It seems counterintuitive that something as grimy as charcoal – the stuff that covers your hands in soot and sears your steaks – is actually an excellent means of purification. But you'd be surprised at just how effective the stuff can be at cleaning.
Now, that's not to say that you should pluck a charcoal briquette from the bag next to your grill and press it to your face. It’s a specific kind, called activated charcoal, that does the job you want, and you'll be able to find it blended into face washes, shampoos, and even toothbrushes to lend extra strength to your cleaning routine.
What's It Do?
It's got terrific absorption capabilities, thanks to science-y processes that would require a chemistry lesson to explain. Simply put, the porosity of the charcoal allows it to soak up nasty things like toxins and impurities.
That makes it a lifesaver for extra grimy skin, and also quite literally for real health concerns – charcoal is a mainstay in ERs for its ability to absorb excess alcohol and drugs in the stomach to prevent overdoses. It also works like gangbusters to soak up pollutants in the air and water, making for an effective and natural alternative to high-tech air and water purifiers.
The Skin-Saving Benefits
Like other well-respected grooming ingredients like kaolin clay and rice starch, charcoal is a natural oil absorber, which is great news for those with greasier skin. And unlike other grease-absorbing options like alcohol, it doesn’t go too far in drying skin out, so there's no responsive overproduction of oil as a result.

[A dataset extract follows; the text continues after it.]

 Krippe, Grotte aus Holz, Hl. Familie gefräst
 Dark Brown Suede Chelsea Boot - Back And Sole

While charcoal removes excess sebum (naturally-occuring skin oil) from pores just like normal soap does, it also pulls out grime, toxins, and other pimple-causing nastiness. Think of it as a one-two punch against acne and dull-looking skin.
If that sounds good to you, look for the ingredient in cleansers, scrubs, and especially face masks – those do real dirty work, as they have more time to thoroughly absorb all the crap on your face. And if you have issues with spots on your shoulders, chest, and back, charcoal does a bang up job in body washes and exfoliators, too.

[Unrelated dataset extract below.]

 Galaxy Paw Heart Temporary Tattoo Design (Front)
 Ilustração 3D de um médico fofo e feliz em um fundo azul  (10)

Don't Forget About Your Teeth
We know, it may seem odd to put charcoal in your mouth, but trust us on this one. When included in an oral hygiene regimen, the stuff has the same purifying effects as with skincare, which translates to better breath and whiter teeth.

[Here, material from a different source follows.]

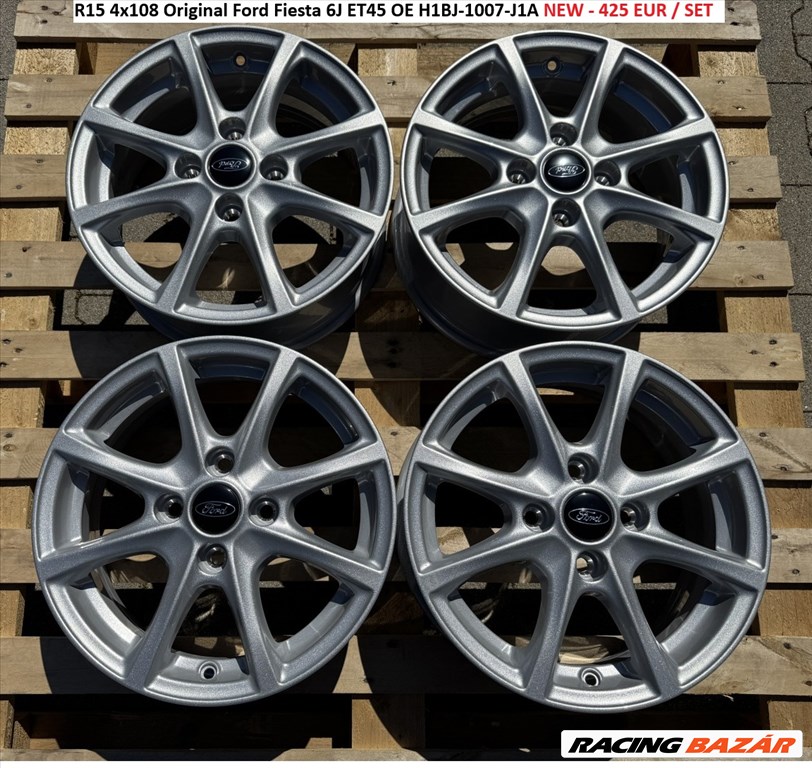 R15 4x108 Original Ford Fiesta 6J ET45  új gyári felnik alufelnik 15"  1. kép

Like a lot of beauty and grooming products, charcoal-infused toothpaste is big in Asia, but it’s still a niche offering stateside. If you’re not down with covering your teeth in black gunk (it does wash off) but still want the tooth-brightening effect, try a charcoal bristle toothbrush.
The bristles on them are made with binchotan charcoal, a variety of charcoal that’s used in Japan to absorb odors in the air, remove chemicals from water, and even promote healthy soil. As far as your teeth are concerned, it halts bad breath and is extra effective at killing bacteria.
As with all things grooming-related, your milage may vary with this stuff – it all depends on your specific skin type and daily routine. But if you want a helping hand to ward off oily skin, gunked-up pores, and bad breath, charcoal is well worth a shot.